A recently defined structure, the rostromedial tegmental nucleus (RMTg; aka tail of the ventral tegmental area), has been proposed as an inhibitory control center for dopaminergic activity of the ventral tegmental area (VTA). This region is composed of GABAergic cells which send afferent projections to the ventral midbrain and synapse onto dopaminergic cells in the VTA and substantia nigra. These cells exhibit µ-opioid receptor immunoreactivity, and in-vivo, ex-vivo, and optogenetic/electrophysiological approaches demonstrate that morphine excites dopamine neurons by targeting receptors on GABAergic neurons localized in the RMTg. This suggests that the RMTg may be a key modulator of opioid effects, and a major brake regulating VTA dopamine systems. However, no study has directly manipulated RMTg GABAergic neurons in-vivo and assessed the effect on nociception or opioid analgesia.

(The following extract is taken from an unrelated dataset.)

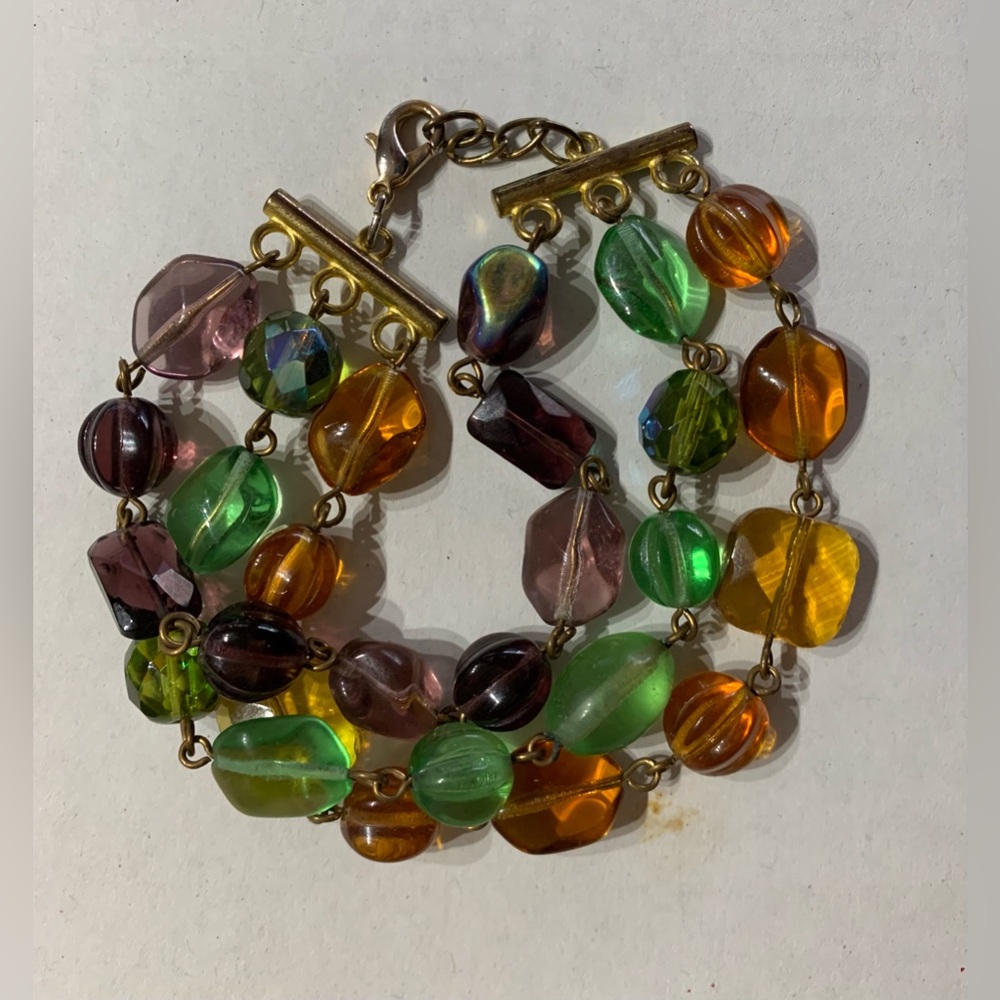 Handmade Multicolor Glass Beaded Adjustable Bracelet Gemstone Colors Colorful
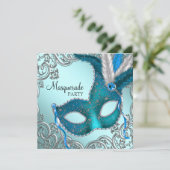 Blauwgroen blauw en zilveren masker maskerade part kaart (Staand voorkant)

In this study, multiplexing of GABAergic neurons in the RMTg was achieved using stimulatory Designer Receptors Exclusively Activated by Designer Drugs (DREADDs) and inhibitory kappa-opioid receptor DREADDs (KORD). Our data show that locally-infused RMTg morphine or selective RMTg GABAergic neuron inhibition produces 87% of the maximal antinociceptive effect of systemic morphine, and RMTg GABAergic neurons modulate dopamine release in the nucleus accumbens. Additionally, chemo-activation of VTA dopamine neurons significantly reduced pain behaviors both in resting and facilitated-pain states and reduced by 75% the dose of systemic morphine required to produce maximal antinociception. These results provide compelling evidence that RMTg GABAergic neurons are involved in processing of nociceptive information and are important mediators of opioid analgesia.